- Court: Central Criminal Court (Old Bailey)

Court membership
- Judge sitting: Mr. Justice Saunders

= R v Coulson, Brooks and others =

British court case decided in 2014

R v Coulson, Brooks and others was a trial at the Old Bailey in London, England, arising from the News International phone hacking scandal.

==Pleas==
At the start, Glenn Mulcaire, Neville Thurlbeck, James Weatherup and Greg Miskiw all pleaded guilty to various charges.

The accused who pleaded not guilty and went to trial were Rebekah Brooks, Andy Coulson, Charlie Brooks, Clive Goodman, Ian Edmondson, Stuart Kuttner, Cheryl Carter and Mark Hanna.

==Trial==

The trial began on 28 October 2013.

At the start of the trial, the court was told by counsel for the crown, Andrew Edis QC, that Rebekah Brooks and Andy Coulson had an affair over a period lasting at least six years from 1998 to 2004, the period when much of the alleged conspiracy is claimed to have taken place.

On 12 December 2013, the judge announced that Ian Edmondson was ill and unlikely to recover for several weeks, so the trial would proceed without dealing with the charges against him; they would be dealt with at a later trial.

On 24 June 2014 the jury found Coulson guilty of one charge of conspiracy to hack phones; it failed to agree a verdict on two other charges of conspiring to cause misconduct in public office in relation to the alleged purchase of confidential royal phone directories in 2005 from a palace police officer. Brooks and five other defendants were found not guilty of conspiracy to pervert the course of justice. Prime Minister David Cameron was criticised in court by the trial judge for public remarks he made in response to the guilty verdict while the jury was still considering the outstanding charges against Coulson and Goodman.
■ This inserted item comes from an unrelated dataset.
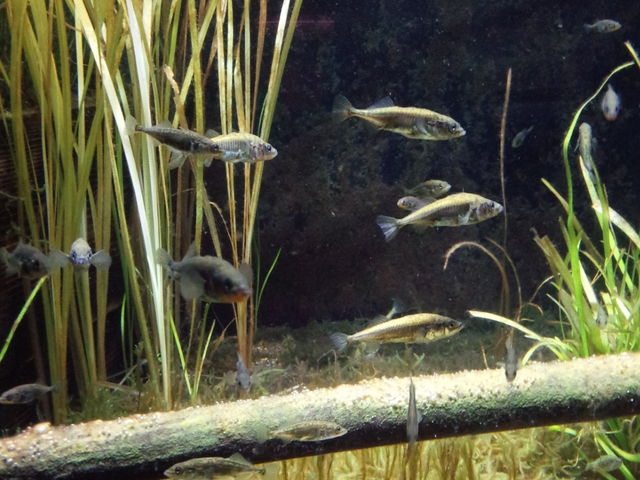 �������C�ł�_�A�N�A�}�������Ȃ킵��J���Z�~������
On 30 June 2014 the trial judge, Mr Justice Saunders, announced that Coulson and the News of the World's former royal editor, Clive Goodman, would face a retrial on the outstanding charges.
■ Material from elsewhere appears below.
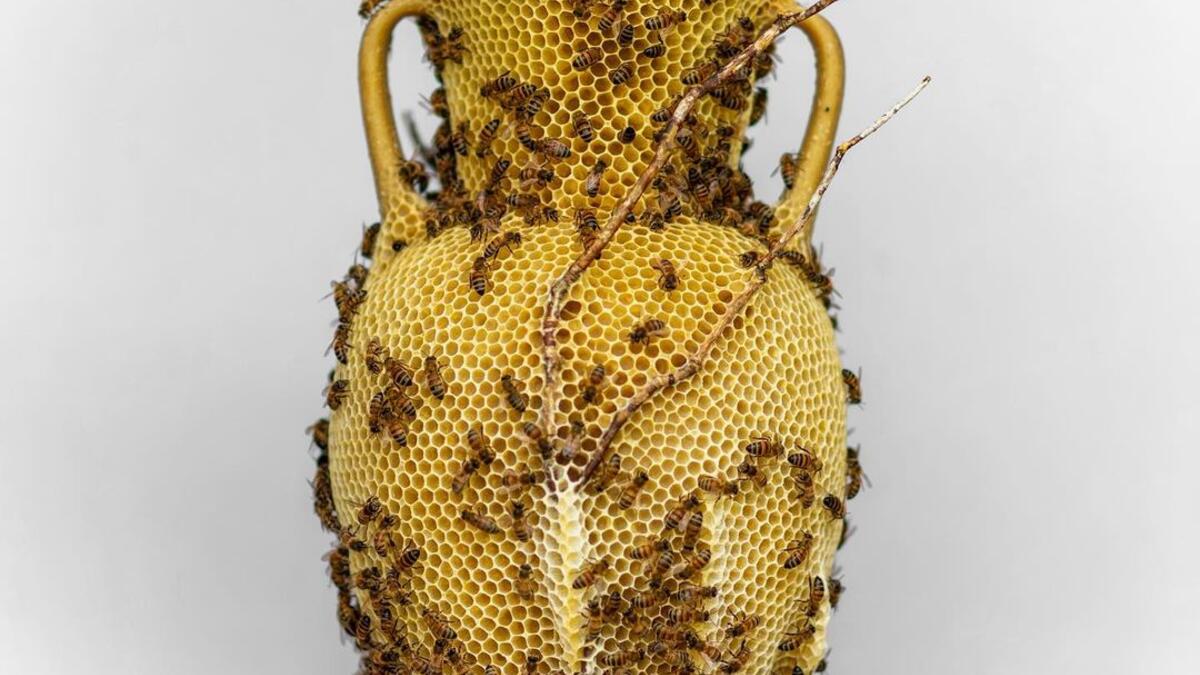 The Honeycomb Amphora No.1 (2020) from the “made by bees” series (Instagram)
On 4 July 2014, Coulson was one of four ex-journalists at the News of the World to be sentenced, along with private investigator Glenn Mulcaire. The sentences were:
- Coulson – 18 months
- Former chief reporter Neville Thurlbeck and news editor Greg Miskiw – six months each
- Former reporter James Weatherup – four months suspended
- Former private investigator Glenn Mulcaire – six monthe suspended
- Weatherup and Mulcaire – 200 hours community service

A court hearing in July 2014 established that Ian Edmondson was fit to continue. On 3 October 2014, Edmondson changed his plea to guilty, becoming the eighth person to be convicted of phone hacking at the now-defunct News of the World. He admitted conspiring with colleagues and private detective Glenn Mulcaire to intercept private voicemails between 3 October 2000 and 9 August 2006. These included the voicemails of two home secretaries, also, Sir Paul McCartney and the actors Jude Law and Sienna Miller. The court heard that Edmondson tasked Mulcaire with hacking some 344 times.

==Sentencing==

On 7 November 2014, Mr Justice Saunders jailed Edmondson for eight months, saying that he only had himself to blame.